The current lifecycle function for all plugins will be executed before the next lifecycle starts. That is to say that all setup functions are executed before any start functions are executed.

These are the contracts exposed by the core services for each lifecycle:

lifecycle server contract browser contract

constructor

PluginInitializerContext

PluginInitializerContext

setup

CoreSetup

CoreSetup

start

CoreStart

CoreStart

Integrating with other pluginsedit

Plugins can expose public interfaces for other plugins to consume. Like core, those interfaces are bound to the lifecycle functions setup and/or start.

Anything returned from setup or start will act as the interface, and while not a technical requirement, all first-party Elastic plugins will expose types for that interface as well. Third party plugins wishing to allow other plugins to integrate with it are also highly encouraged to expose types for their plugin interfaces.

foobar plugin.ts:

import type { Plugin } from '@kbn/core/server';
export interface FoobarPluginSetup { 
  getFoo(): string;
}

export interface FoobarPluginStart { 
  getBar(): string;
}

export class MyPlugin implements Plugin<FoobarPluginSetup, FoobarPluginStart> {
  public setup(): FoobarPluginSetup {
    return {
      getFoo() {
        return 'foo';
      },
    };
  }

  public start(): FoobarPluginStart {
    return {
      getBar() {
        return 'bar';
      },
    };
  }
}

We highly encourage plugin authors to explicitly declare public interfaces for their plugins.

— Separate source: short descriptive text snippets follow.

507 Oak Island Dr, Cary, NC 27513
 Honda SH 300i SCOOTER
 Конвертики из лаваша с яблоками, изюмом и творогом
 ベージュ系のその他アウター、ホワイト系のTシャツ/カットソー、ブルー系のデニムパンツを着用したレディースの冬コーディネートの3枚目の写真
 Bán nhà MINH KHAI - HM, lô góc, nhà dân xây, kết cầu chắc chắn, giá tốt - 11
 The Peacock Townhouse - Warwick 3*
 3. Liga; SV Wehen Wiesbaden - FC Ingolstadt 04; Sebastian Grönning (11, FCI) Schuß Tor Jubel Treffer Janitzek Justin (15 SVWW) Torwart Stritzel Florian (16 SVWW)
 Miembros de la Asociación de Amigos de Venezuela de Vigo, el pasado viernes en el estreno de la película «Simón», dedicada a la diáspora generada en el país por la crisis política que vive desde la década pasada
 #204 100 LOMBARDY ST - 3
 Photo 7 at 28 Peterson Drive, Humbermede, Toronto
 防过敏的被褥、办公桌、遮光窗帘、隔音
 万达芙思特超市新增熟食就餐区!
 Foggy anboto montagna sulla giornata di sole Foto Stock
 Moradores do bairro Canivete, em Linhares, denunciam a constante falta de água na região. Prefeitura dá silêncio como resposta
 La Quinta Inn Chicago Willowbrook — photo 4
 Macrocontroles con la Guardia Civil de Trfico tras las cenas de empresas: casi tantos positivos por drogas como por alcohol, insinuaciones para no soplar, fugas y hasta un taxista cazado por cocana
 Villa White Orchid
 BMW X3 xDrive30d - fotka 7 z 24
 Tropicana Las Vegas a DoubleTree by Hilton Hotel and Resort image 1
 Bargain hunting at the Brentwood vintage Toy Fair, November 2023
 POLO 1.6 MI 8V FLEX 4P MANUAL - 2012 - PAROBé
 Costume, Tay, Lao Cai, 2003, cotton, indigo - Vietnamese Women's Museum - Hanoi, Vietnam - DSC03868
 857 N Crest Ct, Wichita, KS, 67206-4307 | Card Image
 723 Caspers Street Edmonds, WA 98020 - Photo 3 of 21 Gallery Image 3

Unlike core, capabilities exposed by plugins are not automatically injected into all plugins. Instead, if a plugin wishes to use the public interface provided by another plugin, it must first declare that plugin as a dependency in it’s kibana.json manifest file.

demo kibana.json:

{
  "id": "demo",
  "requiredPlugins": ["foobar"],
  "server": true,
  "ui": true
}

With that specified in the plugin manifest, the appropriate interfaces are then available via the second argument of setup and/or start:

demo plugin.ts:

import type { CoreSetup, CoreStart } from '@kbn/core/server';
import type { FoobarPluginSetup, FoobarPluginStart } from '../../foobar/server';

interface DemoSetupPlugins { 
  foobar: FoobarPluginSetup;
}

interface DemoStartPlugins {
  foobar: FoobarPluginStart;
}

export class AnotherPlugin {
  public setup(core: CoreSetup, plugins: DemoSetupPlugins) { 
    const { foobar } = plugins;
    foobar.getFoo(); // 'foo'
    foobar.getBar(); // throws because getBar does not exist
  }

  public start(core: CoreStart, plugins: DemoStartPlugins) { 
    const { foobar } = plugins;
    foobar.getFoo(); // throws because getFoo does not exist
    foobar.getBar(); // 'bar'
  }

  public stop() {}
}

The interface for plugin’s dependencies must be manually composed. You can do this by importing the appropriate type from the plugin and constructing an interface where the property name is the plugin’s ID.

These manually constructed types should then be used to specify the type of the second argument to the plugin.

Notice that the type for the setup and start lifecycles are different. Plugin lifecycle functions can only access the APIs that are exposed during that lifecycle.